Me refiero a nuestro vecino, hermano, primo, o ex-compañero de trabajo, que hasta hace unos meses vivían de su sueldo, y ahora sobreviven con un subsidio, si es que lo tienen. Me refiero a la suerte que tenemos los que nos quedamos parados con nuestra pareja trabajando, los que tenemos unos padres y suegros con pensión cómoda, que nos sirvan de colchón si nos caemos (como si no hubieran hecho bastante toda su vida), y que, por supuesto, tenemos derecho a quejarnos de que nos recorten, pero que todavía estamos del lado que ejerce la caridad.
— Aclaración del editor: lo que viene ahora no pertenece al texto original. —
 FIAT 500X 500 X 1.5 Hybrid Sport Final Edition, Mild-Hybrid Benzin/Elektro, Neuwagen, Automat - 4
Y nunca, hasta ahora, nos habíamos planteado en serio, mi marido y yo, lo de apadrinar niños y causas. Lo estamos considerando seriamente, desde nuestro modestamente afortunado perfil, y en vista del acercamiento caridad/solidaridad.
Reconozco, a mi pesar, que la única ayuda reiterada que me permitía, aparte de alguna limosna ocasional, es comprarle los pañuelos de papel a un negro encantador que los vende desde hace años en un semáforo cercano a casa. Se los pago, pero no me los llevo. A cambio, él siempre me saluda, pregunta cómo me va, cuando me ve seria, y les da caramelos Solano sin azúcar a mis niños. Era profesor en su país, y desde hace años vende pañuelos. (Aprovecho para comentar mi grima acerca de la expresión "de color". Llamarlos negros no es ninguna ofensa. Lo despectivo es el tono. Sería correcto decir de color si hubiera humanos azules, verdes y rosas. Pero estos son negros, o, como mucho, señores marrones, como decía mi hija con tres años. Obviamente, no puedo dedicarme a escribir...me voy por las ramas...)
No somos los únicos que nos replanteamos cómo ayudar. Lo hemos hablado con gente cercana que siente igual. Y es ese sentimiento positivo al que me refería, cuando hablaba de la bondad como adaptación evolutiva. Si los demás caen, detrás vas tú. Y aunque sea por egoísmo, debiéramos potenciar nuestra solidaridad.
Yo voy a intentar que la desarrollen mis hijos, a ver si la humanidad aguanta algunos siglos...(y, egoístamente, a ver si llegamos a tener pensión...).